**Exercise objective**
Lines from the one with "Vintage 1970s Handcrafted" through the end of the listing below should be set down exactly, with no other line included.

'''

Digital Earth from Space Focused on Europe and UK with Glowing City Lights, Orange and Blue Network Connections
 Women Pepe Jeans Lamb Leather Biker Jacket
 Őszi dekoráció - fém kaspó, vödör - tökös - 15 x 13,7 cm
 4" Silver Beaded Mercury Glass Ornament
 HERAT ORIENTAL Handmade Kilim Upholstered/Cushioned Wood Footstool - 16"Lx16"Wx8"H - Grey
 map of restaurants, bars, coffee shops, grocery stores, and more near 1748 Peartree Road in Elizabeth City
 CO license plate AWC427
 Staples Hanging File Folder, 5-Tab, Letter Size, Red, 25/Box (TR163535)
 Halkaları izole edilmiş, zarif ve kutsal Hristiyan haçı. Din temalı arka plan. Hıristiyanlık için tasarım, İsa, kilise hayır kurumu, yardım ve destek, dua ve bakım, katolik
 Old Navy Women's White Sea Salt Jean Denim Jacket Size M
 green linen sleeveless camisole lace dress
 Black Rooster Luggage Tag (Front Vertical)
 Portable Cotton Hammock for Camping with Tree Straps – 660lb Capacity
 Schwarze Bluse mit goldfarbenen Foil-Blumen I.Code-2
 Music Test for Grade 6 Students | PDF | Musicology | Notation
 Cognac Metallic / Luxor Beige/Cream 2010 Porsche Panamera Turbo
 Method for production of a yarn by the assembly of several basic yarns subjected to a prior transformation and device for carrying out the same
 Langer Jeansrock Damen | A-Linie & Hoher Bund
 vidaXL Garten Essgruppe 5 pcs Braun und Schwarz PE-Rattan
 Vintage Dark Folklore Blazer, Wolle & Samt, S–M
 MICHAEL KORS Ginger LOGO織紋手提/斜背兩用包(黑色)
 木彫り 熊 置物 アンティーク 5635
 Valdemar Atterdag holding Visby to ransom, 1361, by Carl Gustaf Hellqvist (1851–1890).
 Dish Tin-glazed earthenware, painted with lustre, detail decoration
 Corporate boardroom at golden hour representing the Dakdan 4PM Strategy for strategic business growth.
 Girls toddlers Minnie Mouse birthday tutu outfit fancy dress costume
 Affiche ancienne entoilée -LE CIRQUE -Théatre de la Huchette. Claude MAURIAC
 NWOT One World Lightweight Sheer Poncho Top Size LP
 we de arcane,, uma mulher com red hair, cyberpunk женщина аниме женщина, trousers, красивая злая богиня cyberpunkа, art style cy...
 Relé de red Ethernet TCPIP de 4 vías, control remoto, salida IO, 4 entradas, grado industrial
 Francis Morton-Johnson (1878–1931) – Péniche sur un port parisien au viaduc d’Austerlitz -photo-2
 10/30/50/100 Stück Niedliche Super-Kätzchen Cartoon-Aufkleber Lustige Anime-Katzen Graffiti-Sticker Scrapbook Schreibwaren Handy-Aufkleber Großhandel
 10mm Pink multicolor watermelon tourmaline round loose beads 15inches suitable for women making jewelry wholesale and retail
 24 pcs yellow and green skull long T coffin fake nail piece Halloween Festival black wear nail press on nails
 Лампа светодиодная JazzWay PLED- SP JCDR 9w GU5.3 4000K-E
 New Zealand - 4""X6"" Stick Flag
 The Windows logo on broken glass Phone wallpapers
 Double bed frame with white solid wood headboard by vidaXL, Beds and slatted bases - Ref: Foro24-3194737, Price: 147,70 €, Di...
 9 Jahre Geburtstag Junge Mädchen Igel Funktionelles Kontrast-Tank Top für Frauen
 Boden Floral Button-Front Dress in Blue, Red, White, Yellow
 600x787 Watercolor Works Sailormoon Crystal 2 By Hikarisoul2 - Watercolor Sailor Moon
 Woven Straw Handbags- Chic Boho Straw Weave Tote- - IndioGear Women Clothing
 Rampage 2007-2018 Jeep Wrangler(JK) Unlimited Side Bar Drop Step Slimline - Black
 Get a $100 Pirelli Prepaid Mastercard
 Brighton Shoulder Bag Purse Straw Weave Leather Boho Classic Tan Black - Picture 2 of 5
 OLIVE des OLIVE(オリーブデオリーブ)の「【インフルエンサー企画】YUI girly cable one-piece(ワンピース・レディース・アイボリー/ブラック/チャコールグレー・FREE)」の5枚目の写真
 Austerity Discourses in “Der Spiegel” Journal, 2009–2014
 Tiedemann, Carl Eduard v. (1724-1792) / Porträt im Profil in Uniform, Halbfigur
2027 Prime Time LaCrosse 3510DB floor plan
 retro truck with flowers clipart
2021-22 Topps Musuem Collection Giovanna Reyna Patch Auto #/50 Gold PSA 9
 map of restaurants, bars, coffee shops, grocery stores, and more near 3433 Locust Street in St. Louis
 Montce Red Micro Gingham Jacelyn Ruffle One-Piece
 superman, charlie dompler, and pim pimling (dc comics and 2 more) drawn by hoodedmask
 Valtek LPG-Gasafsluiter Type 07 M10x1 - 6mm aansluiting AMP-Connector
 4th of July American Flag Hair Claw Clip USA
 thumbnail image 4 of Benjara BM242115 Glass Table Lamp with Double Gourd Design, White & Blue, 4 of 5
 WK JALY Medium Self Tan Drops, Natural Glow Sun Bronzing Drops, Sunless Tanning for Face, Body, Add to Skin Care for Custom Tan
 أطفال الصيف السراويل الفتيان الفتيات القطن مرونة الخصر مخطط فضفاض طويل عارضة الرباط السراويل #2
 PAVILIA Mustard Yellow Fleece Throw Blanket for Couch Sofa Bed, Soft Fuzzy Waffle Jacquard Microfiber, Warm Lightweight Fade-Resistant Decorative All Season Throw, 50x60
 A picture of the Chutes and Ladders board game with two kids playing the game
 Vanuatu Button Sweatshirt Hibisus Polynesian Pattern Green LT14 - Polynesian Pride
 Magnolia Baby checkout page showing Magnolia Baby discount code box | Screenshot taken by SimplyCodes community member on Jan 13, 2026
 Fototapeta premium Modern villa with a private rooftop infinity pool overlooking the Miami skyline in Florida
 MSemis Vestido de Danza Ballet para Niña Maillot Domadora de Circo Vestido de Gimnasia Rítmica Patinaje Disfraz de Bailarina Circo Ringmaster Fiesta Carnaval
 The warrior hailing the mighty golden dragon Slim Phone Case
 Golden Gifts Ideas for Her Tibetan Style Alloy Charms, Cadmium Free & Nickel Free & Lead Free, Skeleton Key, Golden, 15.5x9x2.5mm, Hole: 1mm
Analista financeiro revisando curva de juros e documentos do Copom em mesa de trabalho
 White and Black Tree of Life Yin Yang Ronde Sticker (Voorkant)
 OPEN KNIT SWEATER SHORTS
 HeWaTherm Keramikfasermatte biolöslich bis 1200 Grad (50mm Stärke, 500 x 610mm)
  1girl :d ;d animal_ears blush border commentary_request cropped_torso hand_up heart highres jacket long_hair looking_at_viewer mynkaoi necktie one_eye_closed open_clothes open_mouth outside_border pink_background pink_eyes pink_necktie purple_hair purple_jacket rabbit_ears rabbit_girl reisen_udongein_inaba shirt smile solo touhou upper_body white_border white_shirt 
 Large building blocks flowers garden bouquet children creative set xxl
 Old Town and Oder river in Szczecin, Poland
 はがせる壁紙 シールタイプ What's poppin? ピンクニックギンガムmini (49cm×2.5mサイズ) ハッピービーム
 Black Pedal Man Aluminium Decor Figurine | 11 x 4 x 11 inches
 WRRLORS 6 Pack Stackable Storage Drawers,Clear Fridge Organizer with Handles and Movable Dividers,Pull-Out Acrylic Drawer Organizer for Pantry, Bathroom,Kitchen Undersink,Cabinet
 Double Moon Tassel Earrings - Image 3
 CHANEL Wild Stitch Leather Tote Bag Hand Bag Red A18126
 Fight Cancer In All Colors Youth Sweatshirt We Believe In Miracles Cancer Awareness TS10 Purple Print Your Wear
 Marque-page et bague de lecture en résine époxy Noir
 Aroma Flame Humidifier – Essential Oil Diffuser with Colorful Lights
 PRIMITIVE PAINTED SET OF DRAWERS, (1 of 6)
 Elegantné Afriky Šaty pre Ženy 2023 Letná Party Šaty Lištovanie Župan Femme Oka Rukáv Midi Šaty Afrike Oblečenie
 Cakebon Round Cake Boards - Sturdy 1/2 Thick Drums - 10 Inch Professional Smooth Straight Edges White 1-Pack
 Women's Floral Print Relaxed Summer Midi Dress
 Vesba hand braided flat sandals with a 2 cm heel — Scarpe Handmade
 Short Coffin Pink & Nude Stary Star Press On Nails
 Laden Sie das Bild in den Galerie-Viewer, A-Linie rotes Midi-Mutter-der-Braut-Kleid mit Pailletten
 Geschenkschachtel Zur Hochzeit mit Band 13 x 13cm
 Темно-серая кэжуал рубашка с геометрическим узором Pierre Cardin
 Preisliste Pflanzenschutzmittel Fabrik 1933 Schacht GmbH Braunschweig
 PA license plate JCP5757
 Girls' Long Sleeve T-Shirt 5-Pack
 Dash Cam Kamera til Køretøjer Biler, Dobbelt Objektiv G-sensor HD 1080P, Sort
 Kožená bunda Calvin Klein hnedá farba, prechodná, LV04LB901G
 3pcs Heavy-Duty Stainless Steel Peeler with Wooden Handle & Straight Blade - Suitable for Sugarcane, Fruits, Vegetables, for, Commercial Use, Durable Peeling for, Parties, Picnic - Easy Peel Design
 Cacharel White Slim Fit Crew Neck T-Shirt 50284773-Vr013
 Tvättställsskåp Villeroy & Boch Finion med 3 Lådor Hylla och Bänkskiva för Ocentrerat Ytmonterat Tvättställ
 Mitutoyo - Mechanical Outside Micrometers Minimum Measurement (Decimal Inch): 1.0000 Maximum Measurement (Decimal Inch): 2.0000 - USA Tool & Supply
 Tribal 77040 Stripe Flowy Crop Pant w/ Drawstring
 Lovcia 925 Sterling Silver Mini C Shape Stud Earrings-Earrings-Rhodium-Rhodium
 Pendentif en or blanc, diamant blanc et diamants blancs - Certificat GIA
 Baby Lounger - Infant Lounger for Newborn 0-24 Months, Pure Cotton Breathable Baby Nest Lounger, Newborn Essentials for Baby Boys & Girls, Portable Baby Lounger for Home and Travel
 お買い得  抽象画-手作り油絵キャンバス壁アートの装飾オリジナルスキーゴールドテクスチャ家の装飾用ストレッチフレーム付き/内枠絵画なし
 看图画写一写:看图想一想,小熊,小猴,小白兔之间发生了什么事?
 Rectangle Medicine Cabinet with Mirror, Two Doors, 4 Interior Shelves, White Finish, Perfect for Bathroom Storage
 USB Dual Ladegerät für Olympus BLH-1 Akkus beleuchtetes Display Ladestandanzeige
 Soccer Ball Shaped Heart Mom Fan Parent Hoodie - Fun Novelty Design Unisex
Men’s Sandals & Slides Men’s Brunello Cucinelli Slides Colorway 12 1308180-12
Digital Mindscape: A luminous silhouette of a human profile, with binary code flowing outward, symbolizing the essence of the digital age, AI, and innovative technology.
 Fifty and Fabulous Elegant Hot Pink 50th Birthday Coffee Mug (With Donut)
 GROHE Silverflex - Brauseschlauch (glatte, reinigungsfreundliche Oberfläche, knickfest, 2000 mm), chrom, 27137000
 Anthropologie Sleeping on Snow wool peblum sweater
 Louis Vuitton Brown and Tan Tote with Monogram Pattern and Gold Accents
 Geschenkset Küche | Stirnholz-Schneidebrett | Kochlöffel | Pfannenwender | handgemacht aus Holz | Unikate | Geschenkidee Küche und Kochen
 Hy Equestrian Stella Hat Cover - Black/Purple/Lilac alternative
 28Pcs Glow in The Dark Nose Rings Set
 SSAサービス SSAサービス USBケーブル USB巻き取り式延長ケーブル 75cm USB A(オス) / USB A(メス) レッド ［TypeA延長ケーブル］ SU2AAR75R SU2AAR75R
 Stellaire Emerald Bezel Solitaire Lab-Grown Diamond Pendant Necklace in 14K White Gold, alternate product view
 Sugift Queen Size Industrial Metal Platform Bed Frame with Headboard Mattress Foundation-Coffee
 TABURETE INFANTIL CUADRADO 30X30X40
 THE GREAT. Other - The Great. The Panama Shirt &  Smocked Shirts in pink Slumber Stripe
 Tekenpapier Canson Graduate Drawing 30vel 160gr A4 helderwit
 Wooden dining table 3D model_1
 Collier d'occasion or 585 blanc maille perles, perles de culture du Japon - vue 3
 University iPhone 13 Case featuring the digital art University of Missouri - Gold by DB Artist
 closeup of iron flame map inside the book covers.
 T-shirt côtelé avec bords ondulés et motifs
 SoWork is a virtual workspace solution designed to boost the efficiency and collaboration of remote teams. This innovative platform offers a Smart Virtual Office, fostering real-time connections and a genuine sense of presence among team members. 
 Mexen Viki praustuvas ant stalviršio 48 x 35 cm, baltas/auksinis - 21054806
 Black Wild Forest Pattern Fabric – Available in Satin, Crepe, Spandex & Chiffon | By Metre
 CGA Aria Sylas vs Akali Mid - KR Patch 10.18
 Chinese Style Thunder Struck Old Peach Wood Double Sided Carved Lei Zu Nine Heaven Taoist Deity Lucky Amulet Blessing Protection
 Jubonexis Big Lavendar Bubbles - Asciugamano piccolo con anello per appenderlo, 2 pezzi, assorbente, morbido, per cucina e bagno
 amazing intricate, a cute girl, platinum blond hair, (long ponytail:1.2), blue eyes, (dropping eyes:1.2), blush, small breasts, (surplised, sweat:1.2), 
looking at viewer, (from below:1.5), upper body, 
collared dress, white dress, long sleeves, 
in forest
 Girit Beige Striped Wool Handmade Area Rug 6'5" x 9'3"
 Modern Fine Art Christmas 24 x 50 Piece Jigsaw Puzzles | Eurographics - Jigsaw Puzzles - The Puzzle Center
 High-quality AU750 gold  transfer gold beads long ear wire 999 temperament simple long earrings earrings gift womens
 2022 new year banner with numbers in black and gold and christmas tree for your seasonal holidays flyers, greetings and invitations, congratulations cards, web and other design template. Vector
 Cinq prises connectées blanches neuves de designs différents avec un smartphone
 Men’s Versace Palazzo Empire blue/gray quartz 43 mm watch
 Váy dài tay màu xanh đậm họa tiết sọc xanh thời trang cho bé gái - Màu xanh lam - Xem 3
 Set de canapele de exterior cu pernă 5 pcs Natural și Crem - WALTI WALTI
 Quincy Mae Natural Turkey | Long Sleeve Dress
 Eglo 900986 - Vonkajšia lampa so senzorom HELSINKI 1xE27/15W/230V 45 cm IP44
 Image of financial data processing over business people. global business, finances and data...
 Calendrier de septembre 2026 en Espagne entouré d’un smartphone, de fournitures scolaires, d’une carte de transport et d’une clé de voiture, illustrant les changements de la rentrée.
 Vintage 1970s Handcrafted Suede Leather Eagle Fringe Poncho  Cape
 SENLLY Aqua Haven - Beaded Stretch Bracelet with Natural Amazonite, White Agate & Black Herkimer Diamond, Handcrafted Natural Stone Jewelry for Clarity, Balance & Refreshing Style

'''

**Task response**
 Vintage 1970s Handcrafted Suede Leather Eagle Fringe Poncho  Cape
 SENLLY Aqua Haven - Beaded Stretch Bracelet with Natural Amazonite, White Agate & Black Herkimer Diamond, Handcrafted Natural Stone Jewelry for Clarity, Balance & Refreshing Style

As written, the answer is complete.